- PROVIDED ENTRIES -
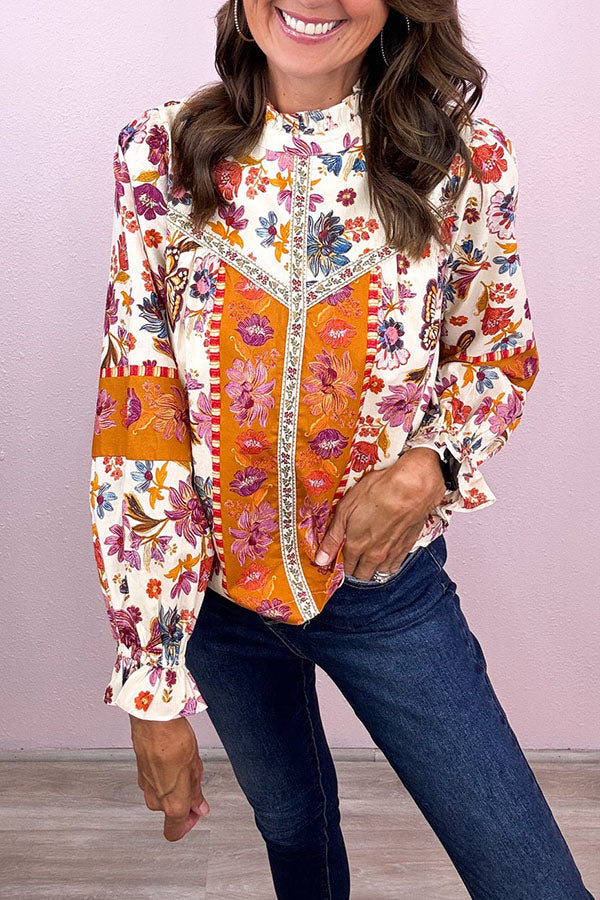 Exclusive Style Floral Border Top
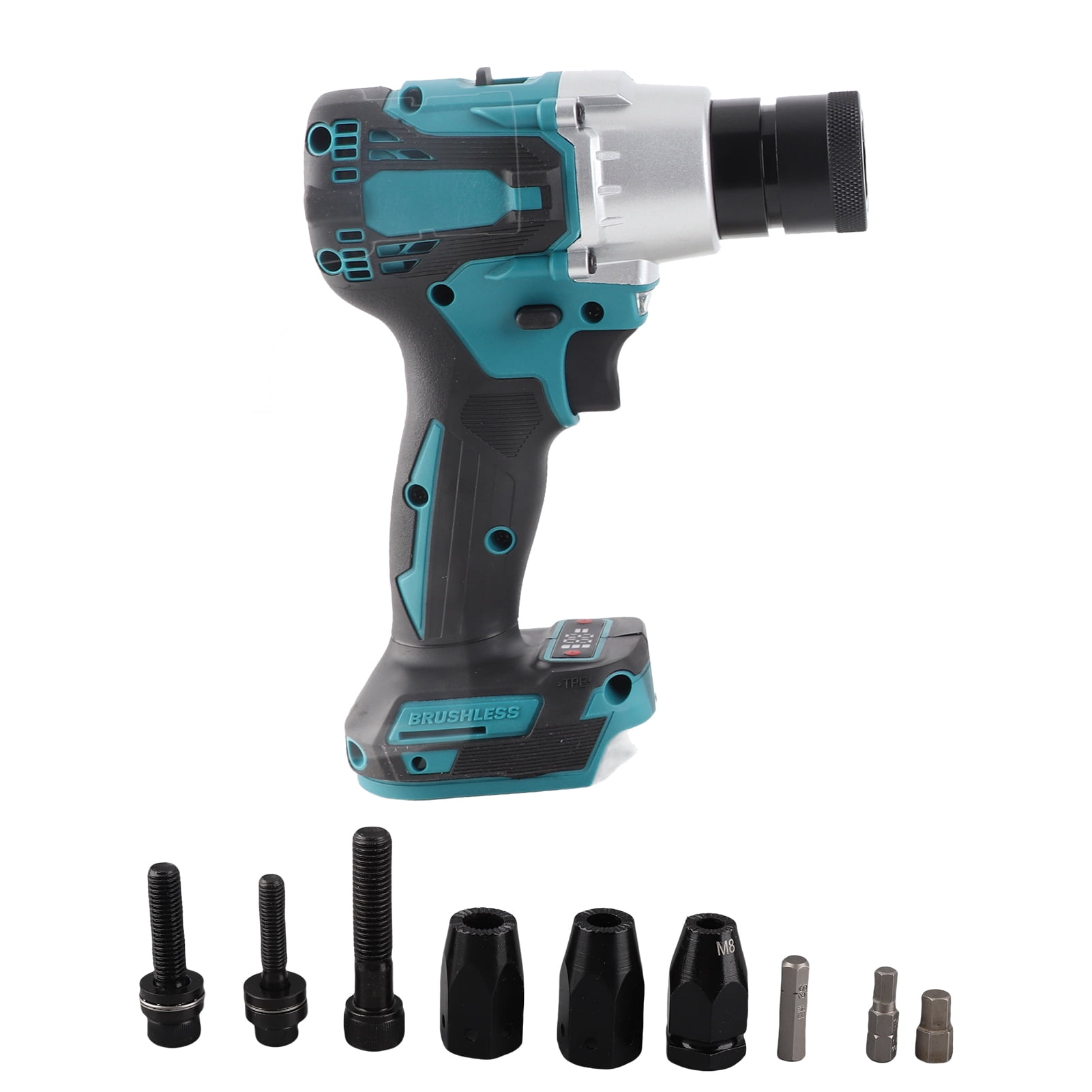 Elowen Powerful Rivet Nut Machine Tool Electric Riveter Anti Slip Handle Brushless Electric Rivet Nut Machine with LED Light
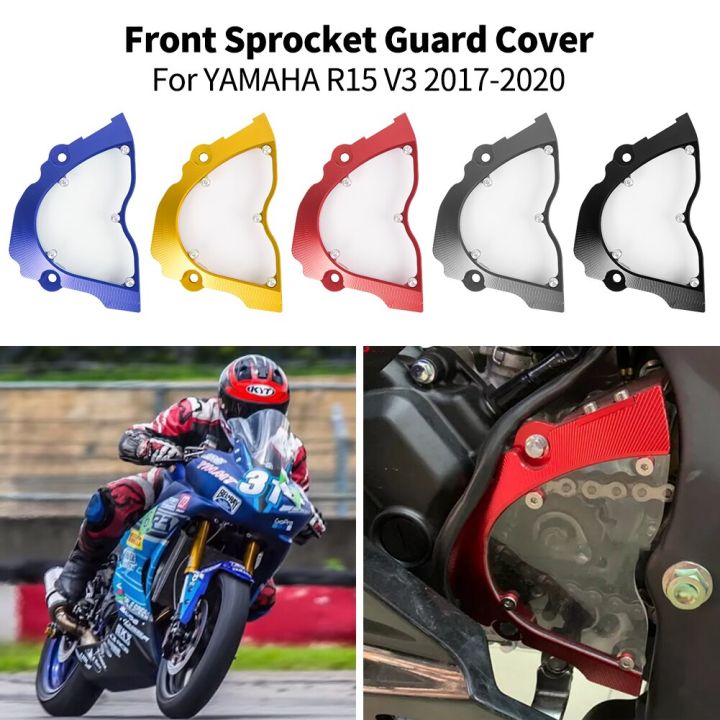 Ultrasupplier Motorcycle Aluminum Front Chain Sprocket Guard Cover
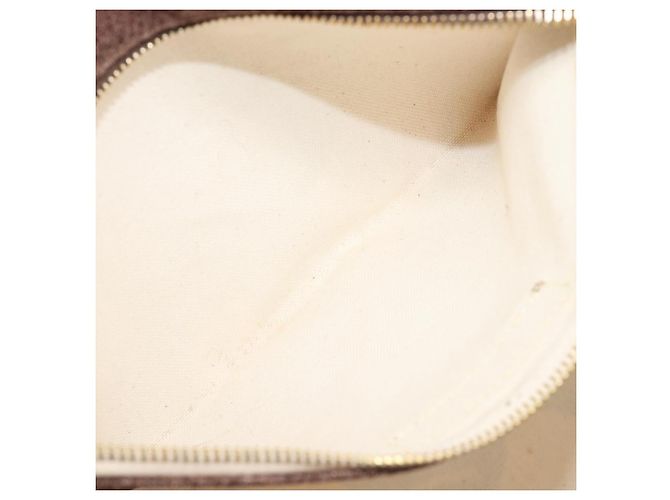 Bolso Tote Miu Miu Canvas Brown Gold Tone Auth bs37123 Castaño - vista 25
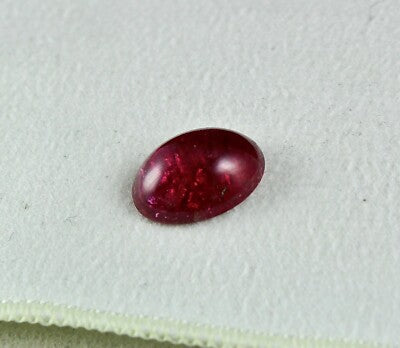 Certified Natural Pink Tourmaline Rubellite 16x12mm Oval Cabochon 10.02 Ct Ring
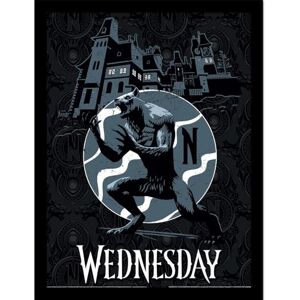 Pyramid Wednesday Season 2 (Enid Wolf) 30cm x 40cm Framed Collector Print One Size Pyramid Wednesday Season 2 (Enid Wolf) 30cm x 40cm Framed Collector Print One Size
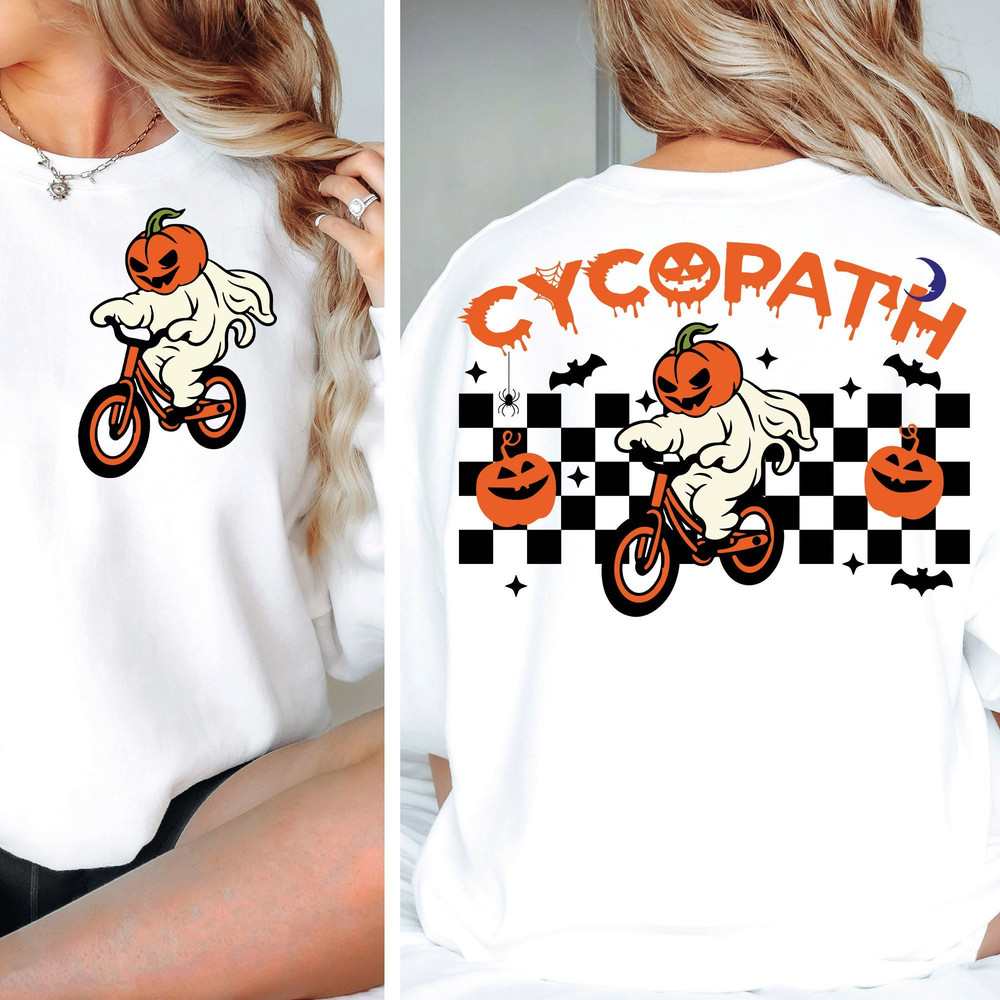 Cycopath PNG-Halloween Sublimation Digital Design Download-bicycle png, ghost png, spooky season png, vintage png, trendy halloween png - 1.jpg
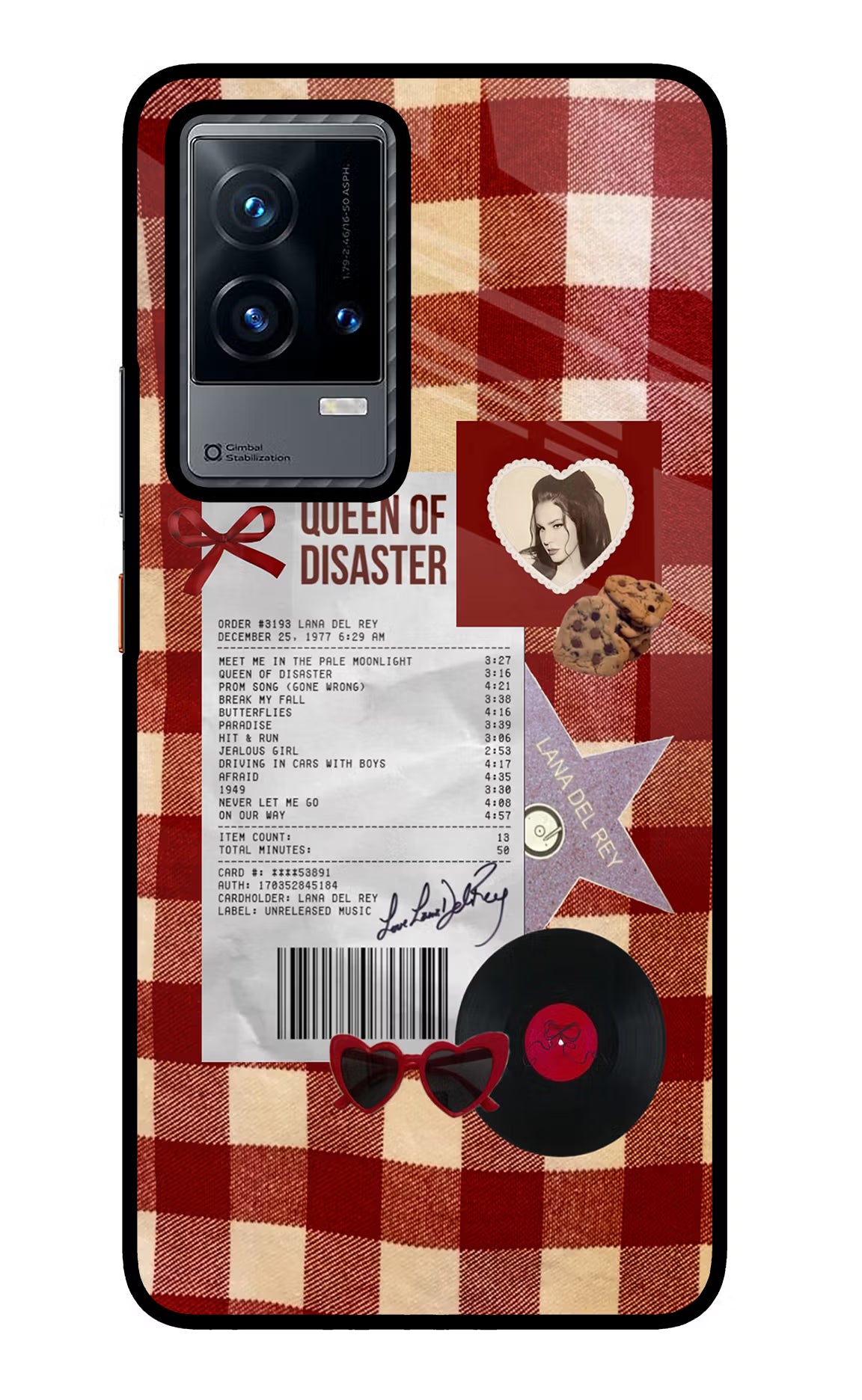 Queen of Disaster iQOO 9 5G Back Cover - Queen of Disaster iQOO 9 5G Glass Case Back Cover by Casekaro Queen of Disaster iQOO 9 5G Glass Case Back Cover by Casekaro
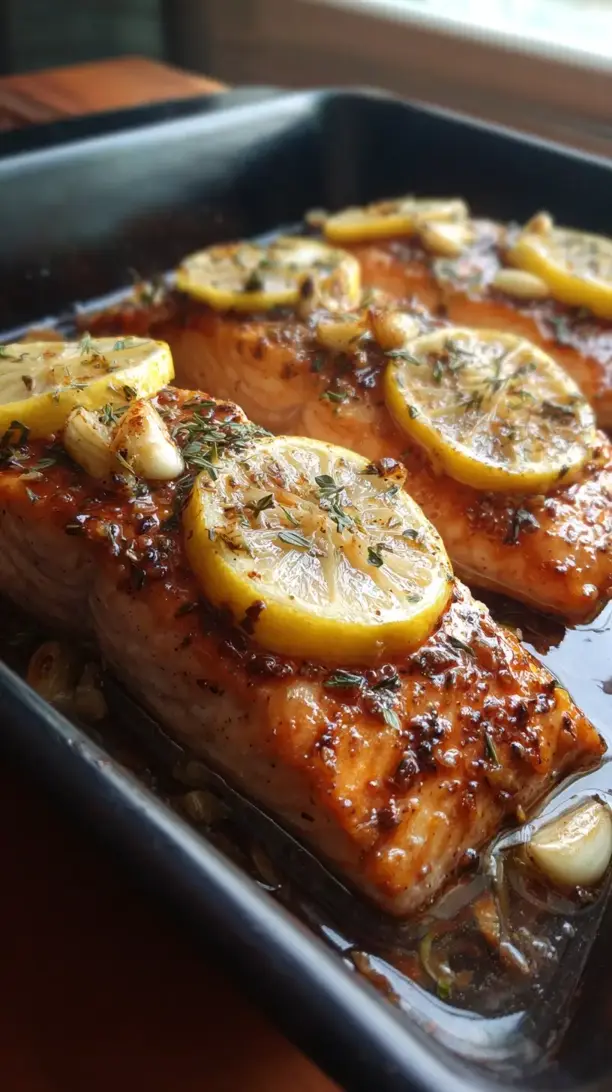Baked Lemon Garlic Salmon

- REQUIRED ACTION -
The material above must be reproduced line for line, with the images omitted.

- ANSWER -
 Exclusive Style Floral Border Top
 Elowen Powerful Rivet Nut Machine Tool Electric Riveter Anti Slip Handle Brushless Electric Rivet Nut Machine with LED Light
 Ultrasupplier Motorcycle Aluminum Front Chain Sprocket Guard Cover
 Bolso Tote Miu Miu Canvas Brown Gold Tone Auth bs37123 Castaño - vista 25
 Certified Natural Pink Tourmaline Rubellite 16x12mm Oval Cabochon 10.02 Ct Ring
 Pyramid Wednesday Season 2 (Enid Wolf) 30cm x 40cm Framed Collector Print One Size Pyramid Wednesday Season 2 (Enid Wolf) 30cm x 40cm Framed Collector Print One Size
 Cycopath PNG-Halloween Sublimation Digital Design Download-bicycle png, ghost png, spooky season png, vintage png, trendy halloween png - 1.jpg
 Queen of Disaster iQOO 9 5G Back Cover - Queen of Disaster iQOO 9 5G Glass Case Back Cover by Casekaro Queen of Disaster iQOO 9 5G Glass Case Back Cover by Casekaro
Baked Lemon Garlic Salmon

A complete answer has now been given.